The Supreme Court of Washington, Department One.

August 17, 1967.

DENNEY, J.[†]

Appellants, Henry Clay Tollett and Frank Bell, appeal from judgments entered by the Superior Court for Yakima County pursuant to verdicts of a jury finding *807 them guilty of the crime of grand larceny by way of receiving and withholding property of a value in excess of $75 known to have been stolen, all in violation of RCW 9.54.010(5) and RCW 9.54.090(6). Appellants were codefendants in the superior court along with George H. Treece and Douglas W. Lavere, who also were convicted but do not appeal. Appellants filed separate notices of appeal. The appeals were consolidated.

Everett McKeller Construction Company was engaged in construction of a bridge over the Naches River in Yakima County. A shed was erected to house tools. The door of the shed was secured at the time employees of the construction company left work about 4:30 p.m. on Friday, April 8, 1966. Upon returning to work on Monday morning, April 11, 1966, they discovered that the shed had been broken open and that tools consisting of a Homelite chain saw, electric drill, electric skill saw, chain, and a hoist had been stolen. In the late morning or early afternoon of Saturday, April 9, 1966, an automobile containing the appellants and the two other defendants drove into the yard of Morton Supply in Yakima. Appellant Tollett approached Mr. Ralph Morton for the purpose of selling the stolen tools which were in the car. After considerable conversation and dickering, Mr. Morton purchased the tools for $60. Other facts will be noticed in connection with discussion of assignments of error.

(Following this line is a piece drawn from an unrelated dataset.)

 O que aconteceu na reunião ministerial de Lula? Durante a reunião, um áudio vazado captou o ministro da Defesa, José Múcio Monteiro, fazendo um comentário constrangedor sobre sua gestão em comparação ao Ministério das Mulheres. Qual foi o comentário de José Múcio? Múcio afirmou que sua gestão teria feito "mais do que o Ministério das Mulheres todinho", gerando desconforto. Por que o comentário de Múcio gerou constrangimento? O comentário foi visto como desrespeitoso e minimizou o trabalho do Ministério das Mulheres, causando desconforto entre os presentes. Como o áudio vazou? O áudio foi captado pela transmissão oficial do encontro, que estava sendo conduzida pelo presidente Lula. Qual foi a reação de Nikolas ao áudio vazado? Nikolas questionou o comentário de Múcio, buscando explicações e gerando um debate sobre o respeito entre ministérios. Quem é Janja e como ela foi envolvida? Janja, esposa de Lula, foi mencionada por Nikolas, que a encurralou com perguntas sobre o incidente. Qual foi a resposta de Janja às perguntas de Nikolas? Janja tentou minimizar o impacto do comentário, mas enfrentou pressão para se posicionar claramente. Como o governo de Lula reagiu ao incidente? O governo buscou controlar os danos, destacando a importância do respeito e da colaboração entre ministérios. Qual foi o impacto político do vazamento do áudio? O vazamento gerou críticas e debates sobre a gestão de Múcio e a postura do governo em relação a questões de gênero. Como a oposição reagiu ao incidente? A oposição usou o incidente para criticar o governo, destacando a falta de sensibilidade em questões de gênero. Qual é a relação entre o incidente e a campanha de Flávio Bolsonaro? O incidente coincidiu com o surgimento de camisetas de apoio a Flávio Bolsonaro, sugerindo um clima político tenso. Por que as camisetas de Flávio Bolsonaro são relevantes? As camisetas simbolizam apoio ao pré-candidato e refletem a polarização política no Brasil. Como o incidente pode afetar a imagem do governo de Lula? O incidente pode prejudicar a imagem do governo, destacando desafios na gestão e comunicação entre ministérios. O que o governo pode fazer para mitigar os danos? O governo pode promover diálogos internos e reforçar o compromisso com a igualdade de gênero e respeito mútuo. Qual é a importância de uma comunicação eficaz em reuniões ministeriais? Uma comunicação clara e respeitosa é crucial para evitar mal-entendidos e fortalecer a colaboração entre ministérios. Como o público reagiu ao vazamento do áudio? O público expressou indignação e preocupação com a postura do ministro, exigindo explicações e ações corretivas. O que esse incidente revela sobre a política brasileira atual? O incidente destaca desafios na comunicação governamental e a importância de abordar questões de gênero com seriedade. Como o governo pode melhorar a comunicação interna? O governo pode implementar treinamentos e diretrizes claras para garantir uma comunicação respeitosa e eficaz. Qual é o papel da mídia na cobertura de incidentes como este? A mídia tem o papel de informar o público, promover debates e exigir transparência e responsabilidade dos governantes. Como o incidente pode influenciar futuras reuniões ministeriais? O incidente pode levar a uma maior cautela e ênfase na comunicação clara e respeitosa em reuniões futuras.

It is first contended that the state did not prove that the stolen articles were of a value in excess of $75 at the time of the theft. The owner testified that the tools were worth in excess of $300. Mr. Ralph Morton, one of the proprietors of Morton Supply, testified on one occasion to a value of $60, but when asked as to the value of individual items, testified to values which totaled $112. It was for the jury to weigh the various opinions.

[1] The witnesses did not express their opinion on value as of the date of the theft but as of the date of trial. The tools were sold on April 9, 1966. The trial commenced on May 24, 1966. The lapse of less than 7 weeks did not *808 make the opinions worthless in determining value as of the date the tools were unlawfully received and withheld.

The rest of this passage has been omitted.